By Tom Sime / The Dallas Morning News

The rush was on for booster seat cushions at Tuesday's opening 
of Cinderella. The short set was out in force for this Rodgers & 
Hammerstein musical and probably never noticed that Jamie-Lynn 
Sigler had dropped out of the title role. They wouldn't know The 
Sopranos from The Three Tenors anyway. 

Not that they knew who the strange lady playing the Fairy 
Godmother was, either, but at least Eartha Kitt showed up. True 
to form, she vamped and slithered in her headlining cameo role. 
But it was Ms.
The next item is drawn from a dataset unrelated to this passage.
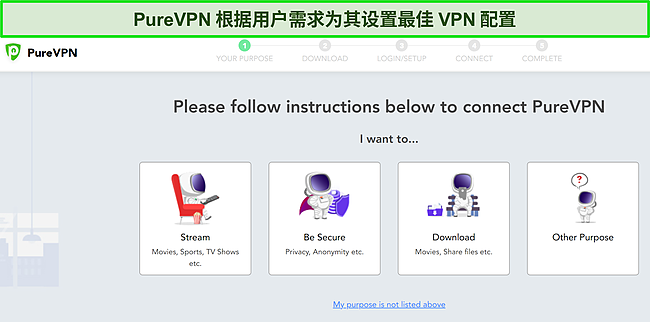 用于不同 VPN 用途的 PureVPN 自定义安装选项的屏幕截图。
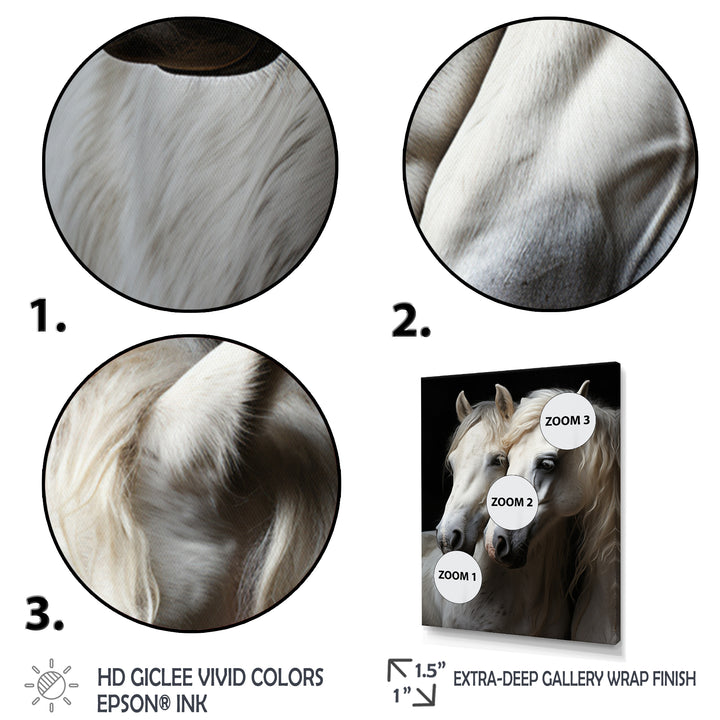 White Horse Whispering Whinnies - Horse Large Canvas Wall Art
Sigler's understudy, Jessica Rush, who worked the 
crowd without trying so hard. She no doubt won everyone over, 
whether they needed a boost to see her or not. 
The musical was written for television in 1957, when it was 
broadcast live with Julie Andrews as Cinderella, the mistreated 
orphan who becomes a princess. In this version, she does it 
through determination first, magic second. Her Fairy Godmother 
makes sure she's willing to get to the royal ball on her own 
before she conjures up a pumpkin coach. 

Mark Schumann's program notes remind us that when it premiered, 
Cinderella was watched by more than 100 million people, a figure 
it would have to sell out on Broadway every night for 110 years 
to match. It's been remade for TV twice, and is now a touring 
stage staple as well, so it's likely to have been seen by more 
people than any other Rodgers & Hammerstein show. Fans of 
Oklahoma! and South Pacific might grumble about that, but for a 
relative trifle, Cinderella's a snappy, sweet and tuneful one. 
It's funny, unpretentious and brief. 

And now it has Everett Quinton, formerly of the renowned 
Ridiculous Theatrical Company, in drag as Stepmother. (Hey, 
Playbill people, he's an icon too; move his name up in the 
credits). He's hilariously funny, as are the two delightfully 
dreadful daughters, Joy (Alexandra Kolb) and Grace (NaTasha 
Yvette Williams). 

They don't get a prince, but the nasty girls sing one of the 
best tunes, "Stepsisters' Lament." And all three baddies join in 
on "A Lovely Night," when even they succumb to Cinderella's 
charm as she recalls meeting the Prince (Paolo Montalban). 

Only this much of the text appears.